======== Material shown

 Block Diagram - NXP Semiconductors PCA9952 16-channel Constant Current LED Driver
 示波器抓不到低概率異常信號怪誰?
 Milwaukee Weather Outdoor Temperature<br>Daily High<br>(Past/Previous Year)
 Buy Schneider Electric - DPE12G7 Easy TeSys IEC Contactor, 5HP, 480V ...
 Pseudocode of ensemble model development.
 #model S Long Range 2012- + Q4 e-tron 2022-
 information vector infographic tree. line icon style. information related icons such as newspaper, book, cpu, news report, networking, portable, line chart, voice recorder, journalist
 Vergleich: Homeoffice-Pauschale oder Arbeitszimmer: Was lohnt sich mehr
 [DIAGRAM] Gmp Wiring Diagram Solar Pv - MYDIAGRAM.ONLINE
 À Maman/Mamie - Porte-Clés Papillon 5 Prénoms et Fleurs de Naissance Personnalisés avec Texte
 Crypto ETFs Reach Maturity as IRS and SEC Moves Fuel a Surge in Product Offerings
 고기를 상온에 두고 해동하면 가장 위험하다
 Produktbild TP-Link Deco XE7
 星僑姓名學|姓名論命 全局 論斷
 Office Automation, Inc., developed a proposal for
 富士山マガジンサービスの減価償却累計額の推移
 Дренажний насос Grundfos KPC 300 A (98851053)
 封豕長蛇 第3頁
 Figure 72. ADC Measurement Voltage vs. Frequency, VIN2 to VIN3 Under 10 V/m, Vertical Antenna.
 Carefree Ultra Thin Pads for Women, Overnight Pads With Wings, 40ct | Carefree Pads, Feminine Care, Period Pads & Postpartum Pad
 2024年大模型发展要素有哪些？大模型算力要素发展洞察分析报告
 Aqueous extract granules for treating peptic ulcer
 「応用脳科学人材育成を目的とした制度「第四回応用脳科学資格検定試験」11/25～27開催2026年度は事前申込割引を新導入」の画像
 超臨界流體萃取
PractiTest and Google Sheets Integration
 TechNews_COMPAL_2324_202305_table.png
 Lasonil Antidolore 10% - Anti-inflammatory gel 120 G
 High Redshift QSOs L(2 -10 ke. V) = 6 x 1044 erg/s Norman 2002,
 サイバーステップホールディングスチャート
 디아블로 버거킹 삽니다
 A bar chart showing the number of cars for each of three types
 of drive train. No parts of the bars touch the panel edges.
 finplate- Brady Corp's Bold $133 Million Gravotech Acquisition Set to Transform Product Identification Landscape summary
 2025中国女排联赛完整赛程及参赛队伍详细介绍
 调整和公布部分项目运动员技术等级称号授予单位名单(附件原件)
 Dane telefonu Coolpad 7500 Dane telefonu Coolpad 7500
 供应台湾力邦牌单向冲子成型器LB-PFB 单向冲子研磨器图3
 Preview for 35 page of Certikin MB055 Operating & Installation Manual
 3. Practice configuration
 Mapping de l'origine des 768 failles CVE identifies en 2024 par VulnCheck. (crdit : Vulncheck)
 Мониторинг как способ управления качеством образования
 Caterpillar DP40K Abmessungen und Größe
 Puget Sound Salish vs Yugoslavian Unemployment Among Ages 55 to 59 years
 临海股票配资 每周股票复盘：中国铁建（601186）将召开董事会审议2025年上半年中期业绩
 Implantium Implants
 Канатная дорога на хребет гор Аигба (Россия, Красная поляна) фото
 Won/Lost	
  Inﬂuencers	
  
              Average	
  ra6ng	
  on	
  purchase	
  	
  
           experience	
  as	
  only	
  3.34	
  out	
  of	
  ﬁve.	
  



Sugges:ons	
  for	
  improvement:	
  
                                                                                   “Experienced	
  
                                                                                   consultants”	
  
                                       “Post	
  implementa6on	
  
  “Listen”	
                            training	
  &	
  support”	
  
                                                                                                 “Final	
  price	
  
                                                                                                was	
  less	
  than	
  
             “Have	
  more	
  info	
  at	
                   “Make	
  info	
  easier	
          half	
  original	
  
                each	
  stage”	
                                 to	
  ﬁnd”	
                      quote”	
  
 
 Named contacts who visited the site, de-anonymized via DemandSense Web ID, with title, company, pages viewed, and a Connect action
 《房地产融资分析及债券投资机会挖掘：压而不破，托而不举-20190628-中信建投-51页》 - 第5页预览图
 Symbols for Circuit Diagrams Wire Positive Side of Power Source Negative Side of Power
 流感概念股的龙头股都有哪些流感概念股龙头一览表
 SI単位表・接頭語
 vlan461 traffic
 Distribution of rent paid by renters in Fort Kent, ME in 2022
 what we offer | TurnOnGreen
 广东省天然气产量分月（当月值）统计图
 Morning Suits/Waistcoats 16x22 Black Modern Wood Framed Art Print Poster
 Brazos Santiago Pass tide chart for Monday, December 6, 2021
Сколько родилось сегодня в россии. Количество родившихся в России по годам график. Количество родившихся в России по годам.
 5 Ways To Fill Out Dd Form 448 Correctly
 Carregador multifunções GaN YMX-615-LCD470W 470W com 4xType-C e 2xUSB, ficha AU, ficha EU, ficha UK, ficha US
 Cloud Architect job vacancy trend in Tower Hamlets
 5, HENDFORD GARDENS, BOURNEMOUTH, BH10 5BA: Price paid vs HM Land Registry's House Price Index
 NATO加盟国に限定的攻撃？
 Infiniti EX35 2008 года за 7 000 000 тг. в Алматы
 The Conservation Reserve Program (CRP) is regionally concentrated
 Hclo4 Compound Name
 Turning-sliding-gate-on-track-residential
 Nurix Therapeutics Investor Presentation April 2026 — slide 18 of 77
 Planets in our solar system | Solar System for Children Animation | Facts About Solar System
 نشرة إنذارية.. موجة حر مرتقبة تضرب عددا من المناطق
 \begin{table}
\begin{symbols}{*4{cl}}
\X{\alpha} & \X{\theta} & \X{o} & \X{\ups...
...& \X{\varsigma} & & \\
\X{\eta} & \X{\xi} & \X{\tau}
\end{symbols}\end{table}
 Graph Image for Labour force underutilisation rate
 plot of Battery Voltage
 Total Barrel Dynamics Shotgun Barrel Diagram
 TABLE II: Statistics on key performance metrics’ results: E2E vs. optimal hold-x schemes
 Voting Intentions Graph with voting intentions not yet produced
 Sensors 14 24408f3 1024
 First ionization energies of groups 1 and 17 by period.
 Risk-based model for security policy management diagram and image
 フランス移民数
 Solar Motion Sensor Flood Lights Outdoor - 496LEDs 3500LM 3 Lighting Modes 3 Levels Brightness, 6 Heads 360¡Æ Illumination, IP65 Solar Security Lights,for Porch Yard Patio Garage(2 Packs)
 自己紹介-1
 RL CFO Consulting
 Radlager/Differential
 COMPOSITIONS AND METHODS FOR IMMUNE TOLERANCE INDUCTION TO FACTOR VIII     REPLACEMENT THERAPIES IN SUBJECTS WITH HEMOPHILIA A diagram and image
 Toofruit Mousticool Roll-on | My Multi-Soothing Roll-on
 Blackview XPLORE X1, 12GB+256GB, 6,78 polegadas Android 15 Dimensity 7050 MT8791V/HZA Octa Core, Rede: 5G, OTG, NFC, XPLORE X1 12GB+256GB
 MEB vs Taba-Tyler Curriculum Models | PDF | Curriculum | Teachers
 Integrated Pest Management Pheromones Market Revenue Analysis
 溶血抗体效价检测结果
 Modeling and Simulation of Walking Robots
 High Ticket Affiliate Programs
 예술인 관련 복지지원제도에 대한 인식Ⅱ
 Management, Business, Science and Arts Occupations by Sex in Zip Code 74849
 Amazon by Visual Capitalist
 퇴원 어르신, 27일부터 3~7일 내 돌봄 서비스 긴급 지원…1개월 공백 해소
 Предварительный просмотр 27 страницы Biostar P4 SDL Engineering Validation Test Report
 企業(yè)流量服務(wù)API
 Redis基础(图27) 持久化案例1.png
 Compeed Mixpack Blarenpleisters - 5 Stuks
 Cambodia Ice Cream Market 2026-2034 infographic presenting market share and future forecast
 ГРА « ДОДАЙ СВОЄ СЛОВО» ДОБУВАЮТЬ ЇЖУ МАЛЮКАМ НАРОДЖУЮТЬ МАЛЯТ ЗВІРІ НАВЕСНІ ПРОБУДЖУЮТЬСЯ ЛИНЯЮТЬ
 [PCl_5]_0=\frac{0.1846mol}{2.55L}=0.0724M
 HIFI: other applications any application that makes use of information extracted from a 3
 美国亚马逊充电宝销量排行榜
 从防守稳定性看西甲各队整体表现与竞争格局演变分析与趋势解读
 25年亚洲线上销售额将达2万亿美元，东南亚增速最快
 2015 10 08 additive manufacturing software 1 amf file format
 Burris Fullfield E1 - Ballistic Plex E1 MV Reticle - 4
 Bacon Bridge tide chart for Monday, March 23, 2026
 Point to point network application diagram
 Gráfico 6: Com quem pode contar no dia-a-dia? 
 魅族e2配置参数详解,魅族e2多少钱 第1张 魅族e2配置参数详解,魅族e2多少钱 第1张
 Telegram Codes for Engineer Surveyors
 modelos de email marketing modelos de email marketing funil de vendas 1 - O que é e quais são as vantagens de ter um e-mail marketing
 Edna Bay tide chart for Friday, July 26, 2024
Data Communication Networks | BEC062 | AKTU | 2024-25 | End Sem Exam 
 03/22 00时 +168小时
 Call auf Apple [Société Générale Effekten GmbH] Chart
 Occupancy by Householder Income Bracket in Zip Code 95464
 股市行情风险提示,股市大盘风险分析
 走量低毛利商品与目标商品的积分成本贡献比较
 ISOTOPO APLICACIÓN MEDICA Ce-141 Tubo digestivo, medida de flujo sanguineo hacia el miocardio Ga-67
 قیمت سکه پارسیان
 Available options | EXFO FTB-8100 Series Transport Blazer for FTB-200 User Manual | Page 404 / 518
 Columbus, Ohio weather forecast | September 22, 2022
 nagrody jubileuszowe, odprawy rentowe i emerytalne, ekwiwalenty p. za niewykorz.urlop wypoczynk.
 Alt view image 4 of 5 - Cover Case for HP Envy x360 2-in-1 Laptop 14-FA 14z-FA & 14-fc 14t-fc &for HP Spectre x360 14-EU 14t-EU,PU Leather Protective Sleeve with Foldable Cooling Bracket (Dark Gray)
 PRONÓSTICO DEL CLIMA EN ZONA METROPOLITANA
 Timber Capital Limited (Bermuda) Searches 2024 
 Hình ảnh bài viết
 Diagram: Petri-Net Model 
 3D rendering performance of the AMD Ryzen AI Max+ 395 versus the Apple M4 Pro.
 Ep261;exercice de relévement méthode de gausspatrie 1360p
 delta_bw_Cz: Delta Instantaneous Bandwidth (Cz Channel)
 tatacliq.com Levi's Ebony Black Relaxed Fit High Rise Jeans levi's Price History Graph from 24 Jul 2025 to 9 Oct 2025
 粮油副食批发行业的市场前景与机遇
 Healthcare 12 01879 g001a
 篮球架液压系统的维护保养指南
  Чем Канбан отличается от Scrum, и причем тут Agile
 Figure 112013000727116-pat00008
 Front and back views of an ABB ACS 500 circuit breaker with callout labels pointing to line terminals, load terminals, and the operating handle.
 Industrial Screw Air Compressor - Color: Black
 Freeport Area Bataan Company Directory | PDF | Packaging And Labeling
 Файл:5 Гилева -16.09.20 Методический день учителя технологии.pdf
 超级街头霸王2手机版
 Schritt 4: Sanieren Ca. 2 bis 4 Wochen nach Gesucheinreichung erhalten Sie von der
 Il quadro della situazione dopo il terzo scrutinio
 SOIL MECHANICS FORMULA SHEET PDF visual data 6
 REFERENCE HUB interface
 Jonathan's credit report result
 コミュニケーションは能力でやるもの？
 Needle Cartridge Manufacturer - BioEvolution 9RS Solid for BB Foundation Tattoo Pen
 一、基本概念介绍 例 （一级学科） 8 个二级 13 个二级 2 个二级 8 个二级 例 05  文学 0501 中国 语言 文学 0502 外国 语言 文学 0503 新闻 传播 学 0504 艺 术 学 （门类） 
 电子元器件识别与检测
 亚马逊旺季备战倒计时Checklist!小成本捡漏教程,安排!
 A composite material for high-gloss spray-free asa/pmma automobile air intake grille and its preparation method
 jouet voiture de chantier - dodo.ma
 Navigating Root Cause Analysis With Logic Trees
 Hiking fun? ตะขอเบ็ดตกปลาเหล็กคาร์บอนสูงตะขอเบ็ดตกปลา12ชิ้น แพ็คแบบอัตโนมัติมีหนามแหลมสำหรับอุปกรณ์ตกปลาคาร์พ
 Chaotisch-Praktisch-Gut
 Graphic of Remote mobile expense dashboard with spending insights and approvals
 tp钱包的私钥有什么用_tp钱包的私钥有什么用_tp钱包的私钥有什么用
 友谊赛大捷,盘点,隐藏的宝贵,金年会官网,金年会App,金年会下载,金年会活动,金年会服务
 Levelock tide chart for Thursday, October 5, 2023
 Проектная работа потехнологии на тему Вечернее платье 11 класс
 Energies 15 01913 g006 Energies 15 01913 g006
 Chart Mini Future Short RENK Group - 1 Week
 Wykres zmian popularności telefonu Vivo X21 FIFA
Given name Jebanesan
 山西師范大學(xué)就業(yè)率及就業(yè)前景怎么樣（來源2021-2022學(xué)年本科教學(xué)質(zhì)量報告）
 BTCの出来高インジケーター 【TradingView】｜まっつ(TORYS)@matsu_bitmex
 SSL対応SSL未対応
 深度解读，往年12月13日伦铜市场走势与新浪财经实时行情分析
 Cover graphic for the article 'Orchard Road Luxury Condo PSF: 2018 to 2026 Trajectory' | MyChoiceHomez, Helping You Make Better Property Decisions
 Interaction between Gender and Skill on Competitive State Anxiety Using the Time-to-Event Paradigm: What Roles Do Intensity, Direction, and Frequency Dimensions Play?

================

▸ **What the task requires**:
Go to the line in the material above that contains "TechNews_COMPAL_2324_202305_table.png" and copy exactly from there through the line that contains "of drive train.", stopping after it.

▸ **Exercise answer**:
 TechNews_COMPAL_2324_202305_table.png
 Lasonil Antidolore 10% - Anti-inflammatory gel 120 G
 High Redshift QSOs L(2 -10 ke. V) = 6 x 1044 erg/s Norman 2002,
 サイバーステップホールディングスチャート
 디아블로 버거킹 삽니다
 A bar chart showing the number of cars for each of three types
 of drive train. No parts of the bars touch the panel edges.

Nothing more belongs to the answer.